_Records for the exercise_.

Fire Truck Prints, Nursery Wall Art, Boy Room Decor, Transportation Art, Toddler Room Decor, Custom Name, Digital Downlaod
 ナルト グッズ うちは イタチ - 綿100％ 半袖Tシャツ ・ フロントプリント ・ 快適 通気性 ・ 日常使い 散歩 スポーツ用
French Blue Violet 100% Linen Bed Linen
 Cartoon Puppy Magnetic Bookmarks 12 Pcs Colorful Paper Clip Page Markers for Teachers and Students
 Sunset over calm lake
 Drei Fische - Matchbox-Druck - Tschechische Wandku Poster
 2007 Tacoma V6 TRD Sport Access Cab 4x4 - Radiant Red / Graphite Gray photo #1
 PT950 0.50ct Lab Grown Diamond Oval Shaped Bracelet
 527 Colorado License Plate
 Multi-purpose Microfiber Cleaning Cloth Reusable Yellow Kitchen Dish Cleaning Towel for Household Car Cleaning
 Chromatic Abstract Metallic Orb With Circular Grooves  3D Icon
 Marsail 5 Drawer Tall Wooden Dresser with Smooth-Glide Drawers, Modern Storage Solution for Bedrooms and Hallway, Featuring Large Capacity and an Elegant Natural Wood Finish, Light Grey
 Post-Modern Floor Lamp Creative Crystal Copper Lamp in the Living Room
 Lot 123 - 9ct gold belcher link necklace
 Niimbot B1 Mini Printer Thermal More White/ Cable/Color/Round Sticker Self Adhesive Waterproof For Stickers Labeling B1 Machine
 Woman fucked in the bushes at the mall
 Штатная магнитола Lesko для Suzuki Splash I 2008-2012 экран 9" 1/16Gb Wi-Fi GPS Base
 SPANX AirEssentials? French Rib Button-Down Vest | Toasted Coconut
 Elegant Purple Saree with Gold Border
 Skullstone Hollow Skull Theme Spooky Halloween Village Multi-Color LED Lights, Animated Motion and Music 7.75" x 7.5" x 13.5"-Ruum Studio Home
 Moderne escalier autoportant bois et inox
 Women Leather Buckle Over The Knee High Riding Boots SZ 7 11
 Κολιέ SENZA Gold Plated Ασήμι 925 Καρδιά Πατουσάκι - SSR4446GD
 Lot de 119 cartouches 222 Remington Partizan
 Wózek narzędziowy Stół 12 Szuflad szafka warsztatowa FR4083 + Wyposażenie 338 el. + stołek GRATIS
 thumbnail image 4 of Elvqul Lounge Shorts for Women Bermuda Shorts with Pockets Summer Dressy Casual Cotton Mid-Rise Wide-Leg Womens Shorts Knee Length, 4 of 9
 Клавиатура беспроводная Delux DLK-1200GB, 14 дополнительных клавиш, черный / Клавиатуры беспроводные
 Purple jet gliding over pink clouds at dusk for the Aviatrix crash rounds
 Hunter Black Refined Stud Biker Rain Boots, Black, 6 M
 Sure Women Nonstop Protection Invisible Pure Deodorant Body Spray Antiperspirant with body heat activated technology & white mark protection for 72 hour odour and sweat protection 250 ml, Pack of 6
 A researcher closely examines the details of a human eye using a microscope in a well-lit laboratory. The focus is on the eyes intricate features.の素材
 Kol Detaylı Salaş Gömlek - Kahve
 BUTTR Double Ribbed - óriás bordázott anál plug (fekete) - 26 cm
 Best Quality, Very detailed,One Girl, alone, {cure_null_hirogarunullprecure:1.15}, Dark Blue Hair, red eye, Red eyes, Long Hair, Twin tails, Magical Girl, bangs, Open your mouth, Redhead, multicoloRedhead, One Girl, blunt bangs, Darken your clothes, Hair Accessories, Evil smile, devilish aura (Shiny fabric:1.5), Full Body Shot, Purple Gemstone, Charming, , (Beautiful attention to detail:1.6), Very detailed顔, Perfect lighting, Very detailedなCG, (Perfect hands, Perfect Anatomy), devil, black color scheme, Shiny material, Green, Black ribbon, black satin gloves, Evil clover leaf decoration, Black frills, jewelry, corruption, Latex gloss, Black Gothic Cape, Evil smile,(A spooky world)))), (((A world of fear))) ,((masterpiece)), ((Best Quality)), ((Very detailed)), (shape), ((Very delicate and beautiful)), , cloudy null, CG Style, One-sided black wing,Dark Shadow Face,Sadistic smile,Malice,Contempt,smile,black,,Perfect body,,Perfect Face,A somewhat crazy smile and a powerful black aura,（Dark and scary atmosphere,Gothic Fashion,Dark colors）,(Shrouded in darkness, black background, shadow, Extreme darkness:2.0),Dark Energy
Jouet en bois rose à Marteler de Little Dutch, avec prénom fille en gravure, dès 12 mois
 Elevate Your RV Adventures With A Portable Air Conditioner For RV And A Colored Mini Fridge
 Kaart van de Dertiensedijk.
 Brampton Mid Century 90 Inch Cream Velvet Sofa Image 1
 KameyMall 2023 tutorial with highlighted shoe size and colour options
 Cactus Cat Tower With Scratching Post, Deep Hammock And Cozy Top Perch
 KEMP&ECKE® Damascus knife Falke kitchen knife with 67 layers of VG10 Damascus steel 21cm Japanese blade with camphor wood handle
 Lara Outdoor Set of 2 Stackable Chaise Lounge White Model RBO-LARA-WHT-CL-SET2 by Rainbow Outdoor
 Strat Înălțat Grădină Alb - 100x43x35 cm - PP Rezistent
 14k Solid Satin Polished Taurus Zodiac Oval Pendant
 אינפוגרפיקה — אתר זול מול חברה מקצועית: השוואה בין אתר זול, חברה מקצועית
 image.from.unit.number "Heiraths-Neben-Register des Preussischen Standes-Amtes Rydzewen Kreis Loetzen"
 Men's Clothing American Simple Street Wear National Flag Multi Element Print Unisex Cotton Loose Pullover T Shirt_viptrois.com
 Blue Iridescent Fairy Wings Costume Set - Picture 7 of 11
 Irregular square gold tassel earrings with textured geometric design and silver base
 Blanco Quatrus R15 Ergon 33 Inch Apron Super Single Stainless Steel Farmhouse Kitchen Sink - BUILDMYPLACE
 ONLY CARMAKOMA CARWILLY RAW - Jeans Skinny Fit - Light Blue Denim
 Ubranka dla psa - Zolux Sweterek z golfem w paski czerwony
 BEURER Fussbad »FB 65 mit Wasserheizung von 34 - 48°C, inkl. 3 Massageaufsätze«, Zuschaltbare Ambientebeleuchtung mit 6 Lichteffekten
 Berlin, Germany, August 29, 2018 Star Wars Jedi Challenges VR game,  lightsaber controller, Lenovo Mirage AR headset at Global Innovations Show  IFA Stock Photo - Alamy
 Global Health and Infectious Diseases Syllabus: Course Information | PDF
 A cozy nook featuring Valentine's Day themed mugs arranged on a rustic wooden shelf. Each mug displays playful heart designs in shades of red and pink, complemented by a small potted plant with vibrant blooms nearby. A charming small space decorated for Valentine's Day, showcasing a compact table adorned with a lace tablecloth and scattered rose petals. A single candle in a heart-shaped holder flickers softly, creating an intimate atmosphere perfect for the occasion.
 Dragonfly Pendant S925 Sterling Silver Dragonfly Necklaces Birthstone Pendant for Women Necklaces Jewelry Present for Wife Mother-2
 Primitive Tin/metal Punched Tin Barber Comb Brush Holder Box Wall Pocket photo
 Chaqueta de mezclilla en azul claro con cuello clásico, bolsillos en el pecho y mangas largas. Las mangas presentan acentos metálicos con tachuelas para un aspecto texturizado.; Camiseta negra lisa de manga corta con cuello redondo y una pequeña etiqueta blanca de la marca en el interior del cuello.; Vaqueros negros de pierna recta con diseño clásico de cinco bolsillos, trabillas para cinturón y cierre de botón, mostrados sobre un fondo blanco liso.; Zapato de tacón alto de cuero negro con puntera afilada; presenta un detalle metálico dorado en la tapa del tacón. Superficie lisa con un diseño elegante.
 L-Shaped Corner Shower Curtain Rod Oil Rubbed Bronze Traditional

_Exercise aim_.
The lines holding the string "Inch" are what is needed from the material above.

_Written reply_.
 Brampton Mid Century 90 Inch Cream Velvet Sofa Image 1
 Blanco Quatrus R15 Ergon 33 Inch Apron Super Single Stainless Steel Farmhouse Kitchen Sink - BUILDMYPLACE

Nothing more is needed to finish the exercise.